* **What the task asks**
Write again exactly the lines in the listing below, starting at the line with "I Tried To Be" and ending at the line with "ハーモニーデイレクター？ ローランド HK-100 JUSTY フルセット 良品", both included. Pictures are not copied.

* **Data supplied**
•••

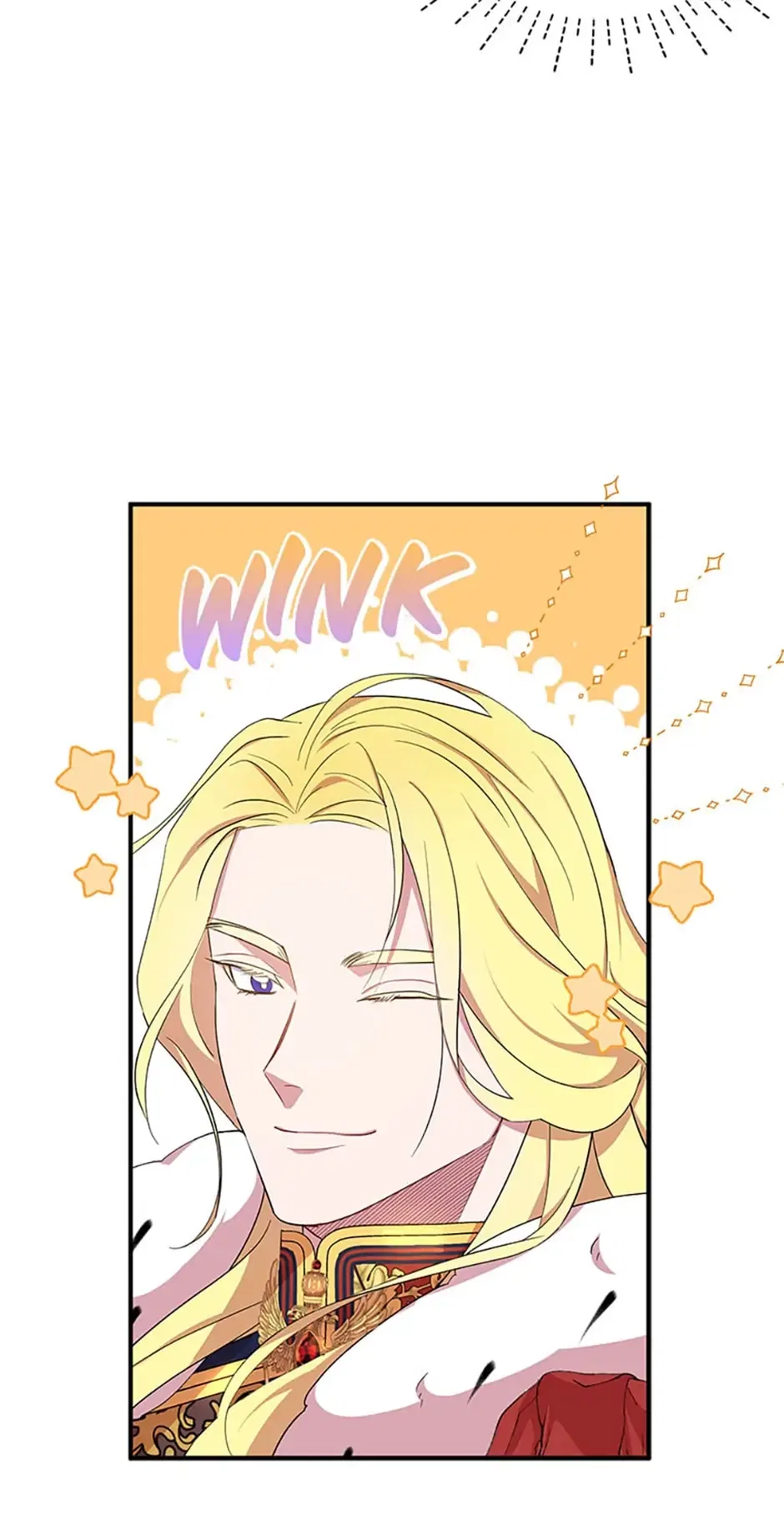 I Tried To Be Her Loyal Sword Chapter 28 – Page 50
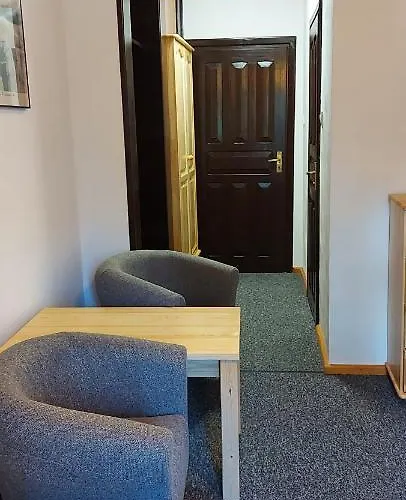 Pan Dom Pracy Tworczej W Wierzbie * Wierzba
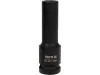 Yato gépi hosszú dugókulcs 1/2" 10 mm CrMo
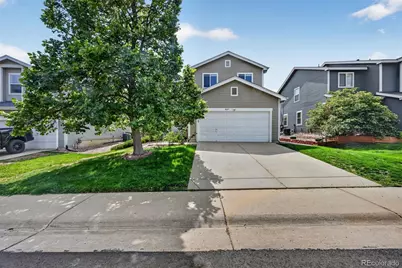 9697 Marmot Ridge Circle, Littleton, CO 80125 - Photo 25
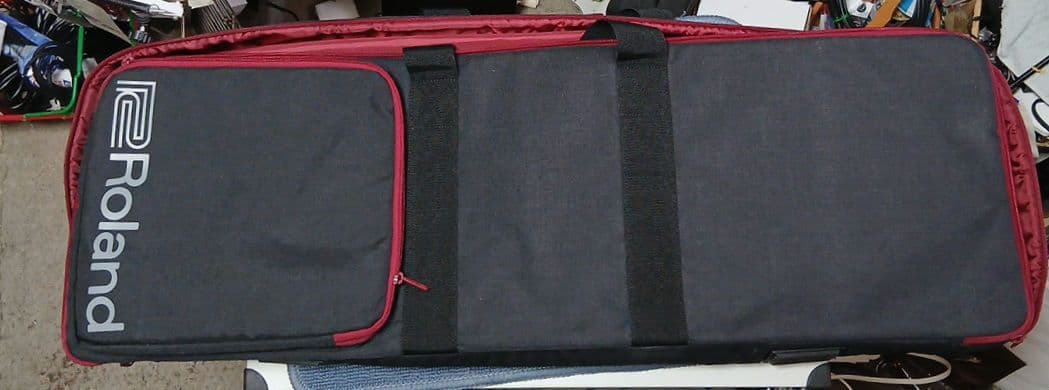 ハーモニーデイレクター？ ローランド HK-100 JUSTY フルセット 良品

•••

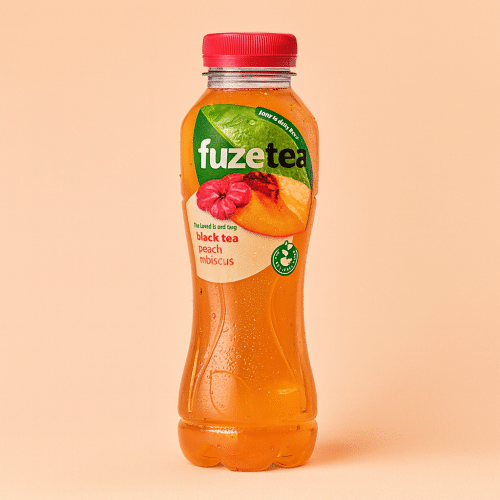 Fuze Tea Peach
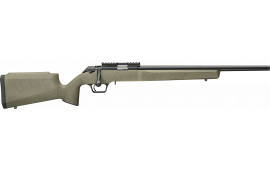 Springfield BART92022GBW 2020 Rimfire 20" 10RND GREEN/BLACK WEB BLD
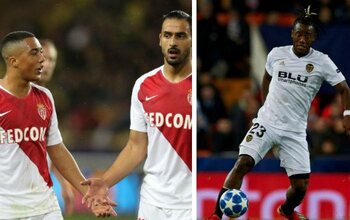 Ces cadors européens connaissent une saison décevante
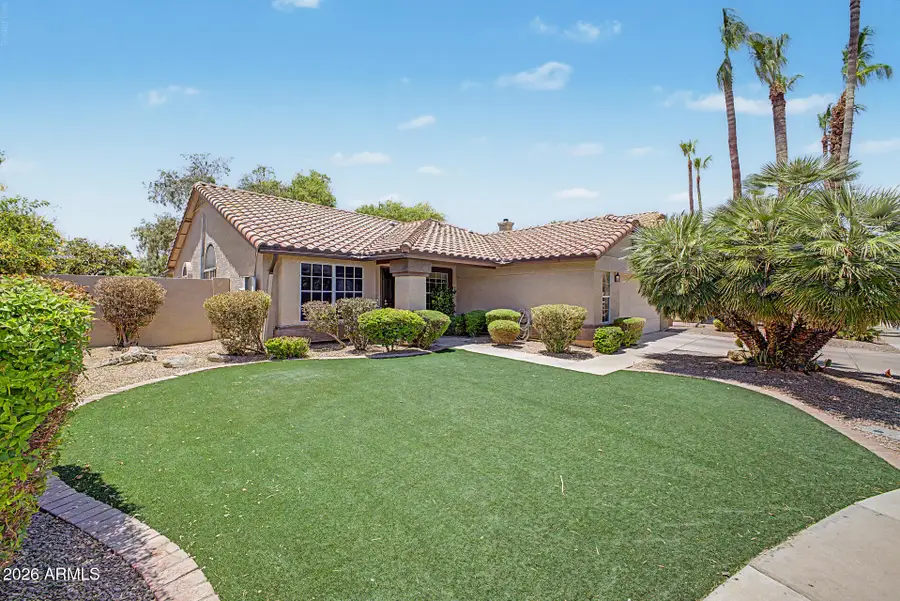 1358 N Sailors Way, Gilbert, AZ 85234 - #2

•••

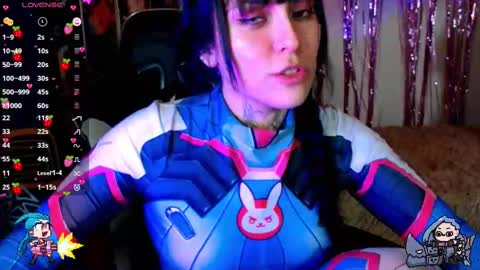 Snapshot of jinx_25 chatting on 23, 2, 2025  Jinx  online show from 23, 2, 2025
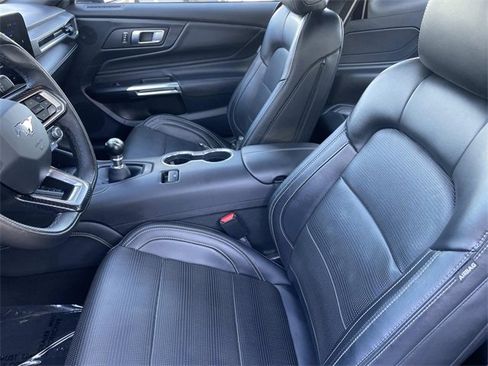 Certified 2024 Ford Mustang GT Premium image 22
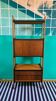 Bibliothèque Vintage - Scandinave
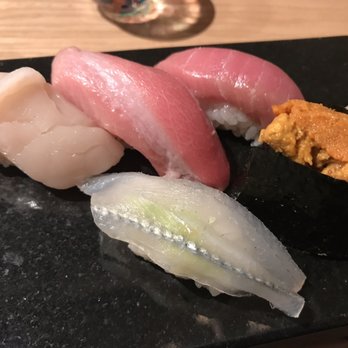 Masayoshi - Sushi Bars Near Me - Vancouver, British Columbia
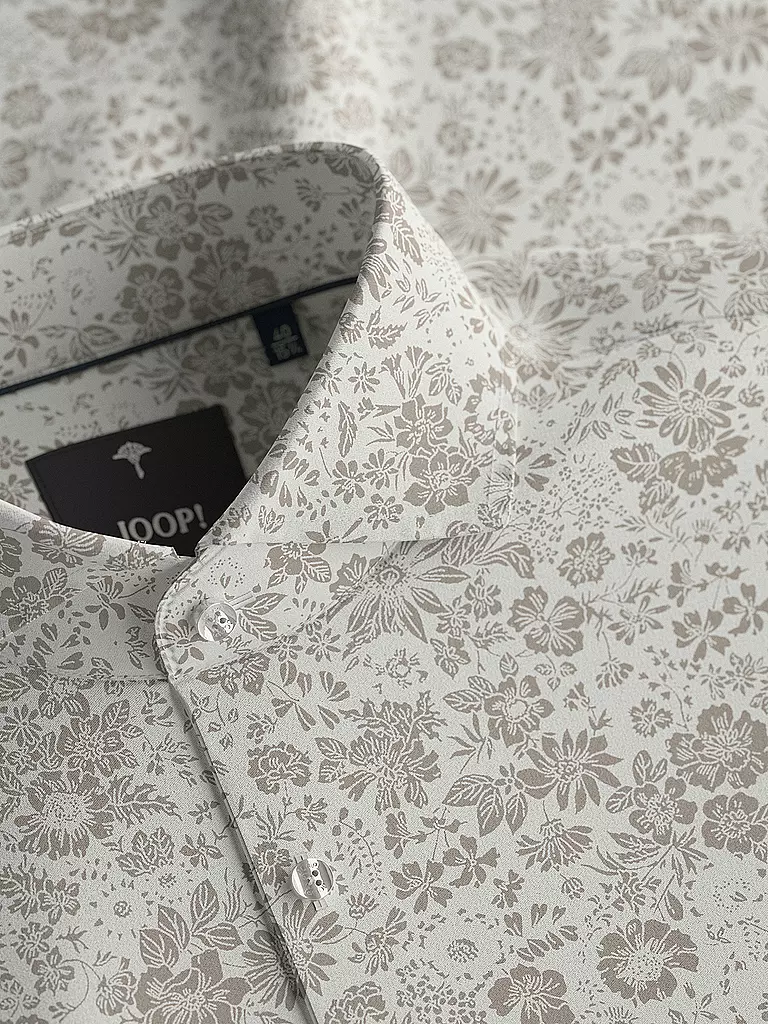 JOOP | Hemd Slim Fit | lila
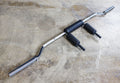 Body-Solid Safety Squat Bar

•••

* **Response box**
 I Tried To Be Her Loyal Sword Chapter 28 – Page 50
 Pan Dom Pracy Tworczej W Wierzbie * Wierzba
 Yato gépi hosszú dugókulcs 1/2" 10 mm CrMo
 9697 Marmot Ridge Circle, Littleton, CO 80125 - Photo 25
 ハーモニーデイレクター？ ローランド HK-100 JUSTY フルセット 良品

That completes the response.